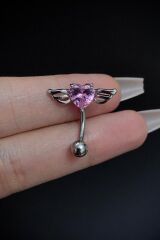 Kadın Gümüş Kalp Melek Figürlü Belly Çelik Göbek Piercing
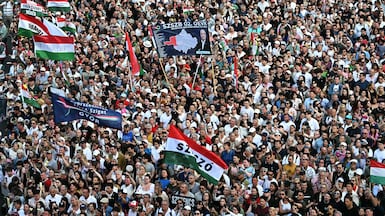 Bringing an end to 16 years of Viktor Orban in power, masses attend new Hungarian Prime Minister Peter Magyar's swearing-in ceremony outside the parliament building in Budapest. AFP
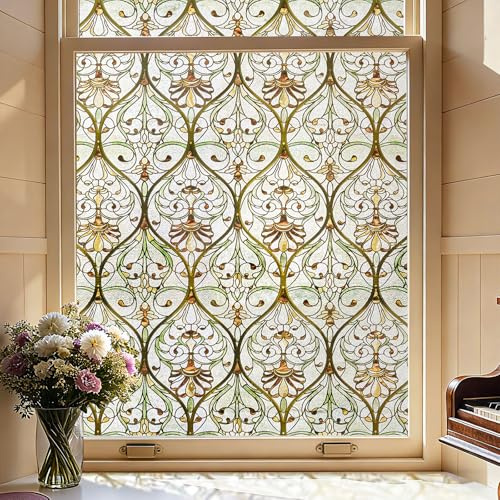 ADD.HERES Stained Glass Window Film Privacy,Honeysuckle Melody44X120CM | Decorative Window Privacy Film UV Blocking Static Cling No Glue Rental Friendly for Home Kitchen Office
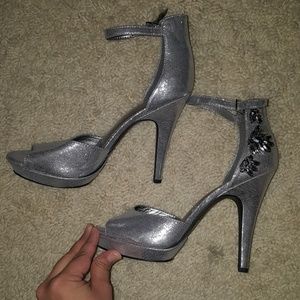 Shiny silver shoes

--

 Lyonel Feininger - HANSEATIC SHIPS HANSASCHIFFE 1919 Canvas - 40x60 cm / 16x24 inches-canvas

---

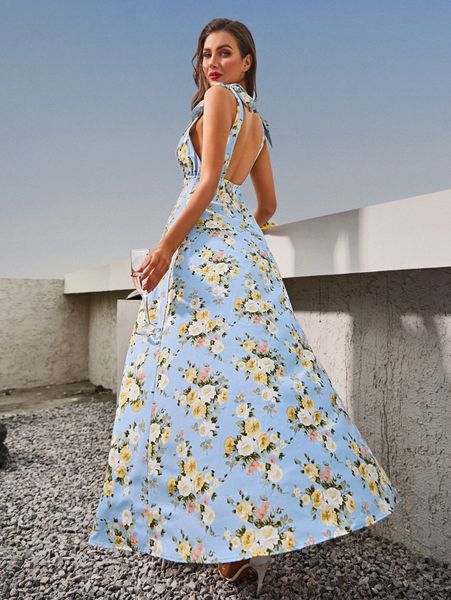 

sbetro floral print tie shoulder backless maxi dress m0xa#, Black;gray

* YOUR OBJECTIVE
Using the records above, print exactly the lines between the ones containing "Kadın Gümüş Kalp" and "Bringing an end", inclusive, and nothing else; no pictures.

* ANSWER TO THIS EXERCISE
 Kadın Gümüş Kalp Melek Figürlü Belly Çelik Göbek Piercing
 Bringing an end to 16 years of Viktor Orban in power, masses attend new Hungarian Prime Minister Peter Magyar's swearing-in ceremony outside the parliament building in Budapest. AFP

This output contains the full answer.